Every line below between the one holding "2-delige pyjamaset met" and the one holding "Parcela st. 568", inclusive, should be copied exactly, and no other line.

MATERIAL FOR THE TASK:

■ ■ ■ ■ ■ ■ ■

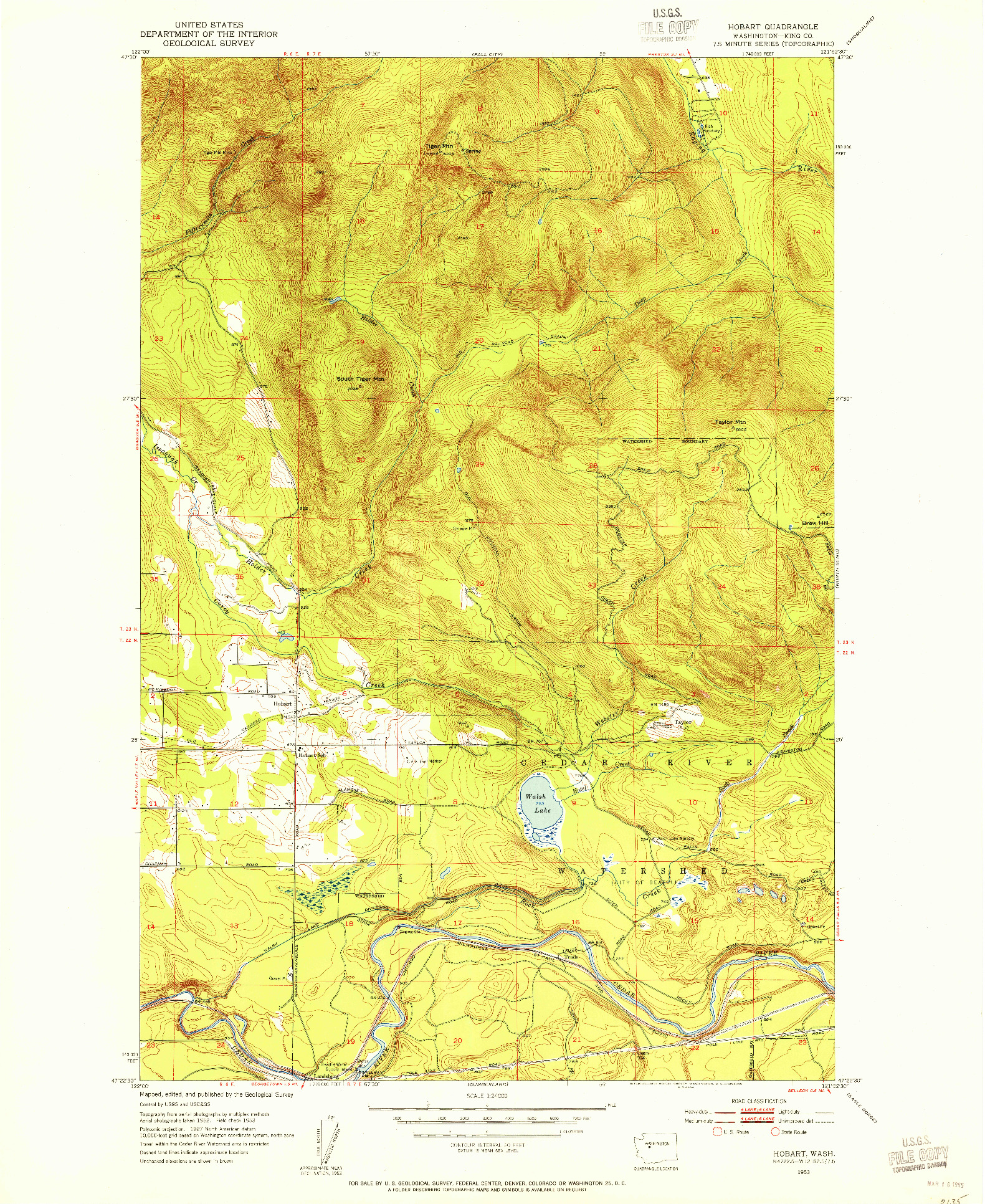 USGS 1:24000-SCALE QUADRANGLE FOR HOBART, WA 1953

■ ■ ■ ■ ■ ■ ■

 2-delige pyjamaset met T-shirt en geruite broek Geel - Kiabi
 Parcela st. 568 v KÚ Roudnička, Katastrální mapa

■ ■ ■ ■ ■ ■ ■

EXERCISE SOLUTION:
 2-delige pyjamaset met T-shirt en geruite broek Geel - Kiabi
 Parcela st. 568 v KÚ Roudnička, Katastrální mapa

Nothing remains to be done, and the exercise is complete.